By Morgan Taylor, Bridget Kinross, and Stephanie Caron – Advocate Editors

Jonathan Law senior Amelia Mower read an excerpt from “The Constitutional Rights Of The Women Of the United States” by suffrage leader Isabella Beecher Hooker of Connecticut at the Suffrage Centennial Kickoff Event at Milford City Hall on January 28. This year marks the 100th anniversary of women’s suffrage and this event was very important to continuing this movement into the present. Advocate editors Morgan Taylor, Bridget Kinross, and Stephanie Caron sat down with Mower to talk about her experience.

Advocate Editors: How did you get involved with the Suffrage Centennial Kickoff Event?

Amelia Mower: After getting involved with the Daughters of the American Revolution through their essay contest and scholarship program, (Law principal) Mr. Thompson asked me to read this excerpt as it pertains to women and how they influence society.

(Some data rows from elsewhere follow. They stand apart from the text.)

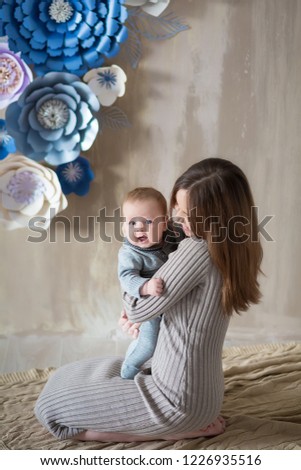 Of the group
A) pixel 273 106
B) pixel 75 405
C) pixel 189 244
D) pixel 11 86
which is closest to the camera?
pixel 189 244

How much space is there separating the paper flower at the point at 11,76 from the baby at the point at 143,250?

AE: How did this impact your views of the women’s suffrage movement?

AM: I think it is very important that people know that the women only got the right to vote 100 years ago and that we are still working towards having constitutionally equal rights in the future.

AE: What was the most memorable part of the event for you?

AM: When Denise Merrill, the Secretary of State of Connecticut, spoke, I was really inspired. When she, as a person of high authority in Connecticut, is recognizing the importance of this movement in Milford especially, it makes me feel hopeful for the future. She wouldn’t have been elected to office if it wasn’t for this movement.

AE: What was the significance of everyone wearing white and why?

AM: We all wore white because that is what the women who were marching to have voting rights wore in order to protest. In pictures of the march, all the women are wearing white while the men are wearing black on the side, showing a truly symbolic comparison of the genders.

AE: What goals do you have for the future of the women’s suffrage movement?

AM: I definitely cannot wait to vote when I turn 18. I think it’s extremely important to use my 19th Amendment right. Women struggled for so long to get this right that I feel like that not taking part in voting is a waste of their struggle.